2.2 Applicability of any general terms and conditions applied by Client is explicitly dismissed by Novel
Grey.
2.3 In so far as the nature of provided services allows, these Terms apply to all services provided by
Novel Grey to the Client.
3. Quotations, Agreements, Product descriptions, services and definitions3.1 A quotation or (price) offer shall not be binding on Novel Grey and shall qualify only as an
invitation to the Client to place an Order.
3.2 An Agreement shall only be concluded to the extent Novel Grey accepts an Order from the Client
in writing or if Novel Grey executes an Order. If at the request of Client Novel Grey carries out any
work for Client before an Agreement is concluded, then Client shall remunerate Novel Grey therefore
following Novel Grey’s customary rates.
3.3 After acceptance of an Order, Novel Grey shall at all times be entitled to cancel such Order
without stating its reasons after acceptance of such Order, in which case Novel Grey shall not be
obliged to refund any more than advance payments already made by Client, if any.
3.4 Novel Grey shall observe due care in informing the Client of the figures, measurements, weights,
features other information applicable to the Products, but cannot warrant that these shall be free of
deviations. Any specifications or samples demonstrated or made available shall be no more than
indications of the Products concerned. If the Client should be able to demonstrate that the Products
supplied by Novel Grey deviate from the information provided by Novel Grey or from the samples or
specifications in such a way that the Client can no longer be obliged to comply with the order
concerned, the Client shall have the right to dissolve the Agreement, to the extent however that such
dissolution should be necessary for reason and without Novel Grey being liable for damages.
4. Amendments
4.1 Notwithstanding Article 2, amendments of any provision in any Agreement or in the Terms may
only be agreed by written consent of both parties.4.2 If an amendment or adjustment as referred to in the previous article is agreed upon, such
amendment or adjustment shall only apply to the Agreement concerned, unless expressly stated
otherwise.
5. Prices
5.1 All Novel Grey’s prices are in EUR unless expressly stated otherwise. Insofar as prices are stated
in other currency than EUR, then such statement of price is deemed to be based on the EUR
equivalent of such price at the date that the price statement was made. Prices are exclusive of value-
added tax or any other sales tax. Costs of packing and despatch, import and export duties and taxes
and any other surcharges, levies or taxes imposed or charged in respect of the Products and the
transportation thereof shall be for the Client’s account.

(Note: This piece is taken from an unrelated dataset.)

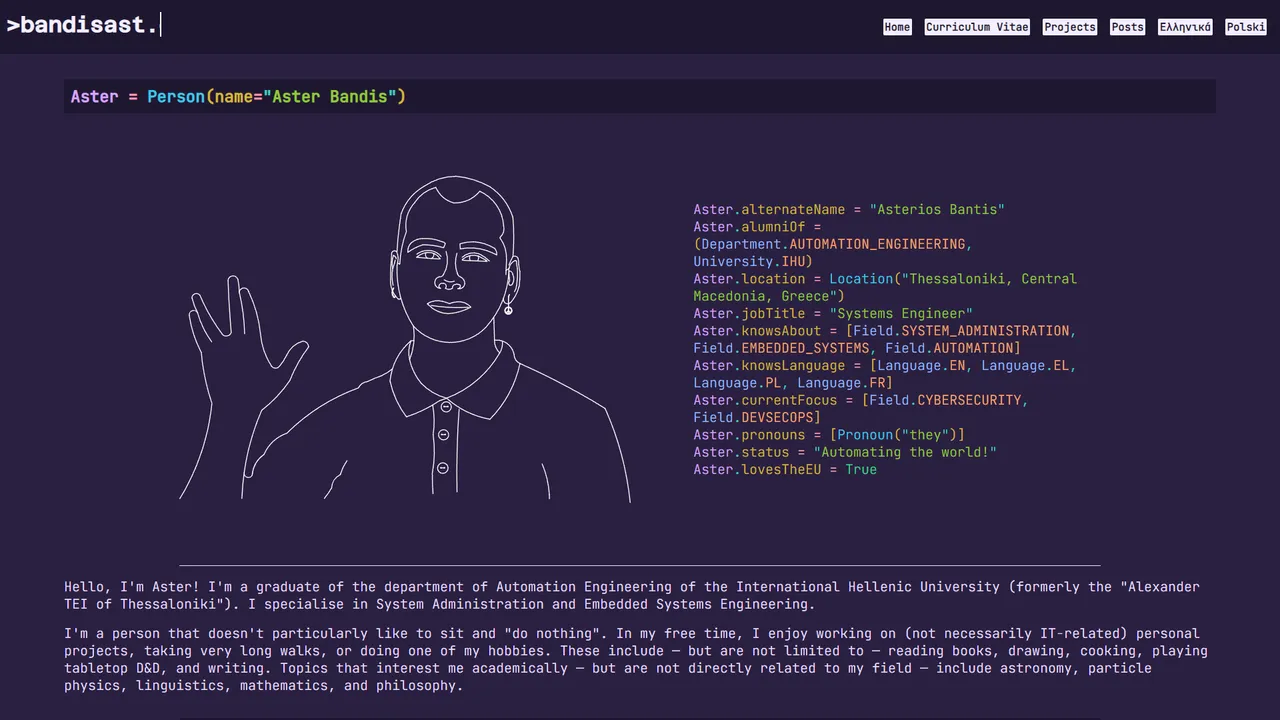 Aster Bandis's website screenshot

5.2 Any change of factors having an impact on the prices of Novel Grey, including but not limited to
rates of third parties, currency exchange rates, insurance rates, import and export duties and any
other charges payable upon importation or exportation, freight charges and other charges, levies or
taxes, may be charged on to Client by Novel Grey.
6. Payment
6.1 The Client shall pay all amounts due to Novel Grey within 14 days of the invoice date.
6.2 After approval of the quotation, the Client will pay the prepayment invoice, only after which Novel
Grey will start the work. Novel Grey will not start without advance payment as agreed on the
quotation.
6.3 All payments shall be made by the Client into a bank account to be designated by Novel Grey
without any discount, deduction, suspension or setoff.
6.4 If at any given moment Novel Grey has doubts about the credit-worthiness of the Client, Novel
Grey is entitled, before (continuing the) performance of an Agreement, to demand from Client that
advance payment of the payable amount is made or that the Client furnishes proper security. Without
prejudice to the previous sentence, Novel Grey is always entitled to suspend the performance of an
Agreement or Order in case of one or more outstanding invoices is more than 30 days overdue.
6.5 The mere expiration of a payment term puts the Client into default. In that case, all claims by
Novel Grey against Client, regardless of their grounds or nature, shall be immediately payable.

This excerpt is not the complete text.